[Exercise objective]:
Below are the records; copy each line in them that holds the word "with".

[Opening Task data section]

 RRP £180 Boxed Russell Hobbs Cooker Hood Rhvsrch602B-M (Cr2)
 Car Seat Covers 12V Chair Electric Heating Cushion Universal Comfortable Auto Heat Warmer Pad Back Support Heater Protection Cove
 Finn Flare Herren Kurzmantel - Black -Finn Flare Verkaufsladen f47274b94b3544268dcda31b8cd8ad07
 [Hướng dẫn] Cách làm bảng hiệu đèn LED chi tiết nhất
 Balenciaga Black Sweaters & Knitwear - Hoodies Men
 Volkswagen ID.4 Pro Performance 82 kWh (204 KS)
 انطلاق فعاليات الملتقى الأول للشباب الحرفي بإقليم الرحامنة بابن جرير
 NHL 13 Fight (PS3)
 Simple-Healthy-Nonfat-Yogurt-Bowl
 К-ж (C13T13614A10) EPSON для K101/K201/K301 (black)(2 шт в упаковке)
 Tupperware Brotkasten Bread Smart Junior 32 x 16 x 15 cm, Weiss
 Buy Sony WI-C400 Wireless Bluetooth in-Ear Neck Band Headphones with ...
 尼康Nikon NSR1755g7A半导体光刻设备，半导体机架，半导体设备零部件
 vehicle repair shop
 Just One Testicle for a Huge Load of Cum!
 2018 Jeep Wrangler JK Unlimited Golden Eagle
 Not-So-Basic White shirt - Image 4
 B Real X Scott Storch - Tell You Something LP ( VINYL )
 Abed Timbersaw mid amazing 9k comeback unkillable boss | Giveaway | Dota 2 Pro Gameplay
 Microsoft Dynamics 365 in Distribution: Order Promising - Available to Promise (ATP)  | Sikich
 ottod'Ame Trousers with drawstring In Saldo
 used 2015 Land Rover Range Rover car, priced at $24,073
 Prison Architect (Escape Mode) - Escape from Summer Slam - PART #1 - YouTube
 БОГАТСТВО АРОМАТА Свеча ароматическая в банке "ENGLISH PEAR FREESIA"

[Closing Task data section]

[Task response]:
 Buy Sony WI-C400 Wireless Bluetooth in-Ear Neck Band Headphones with ...
 ottod'Ame Trousers with drawstring In Saldo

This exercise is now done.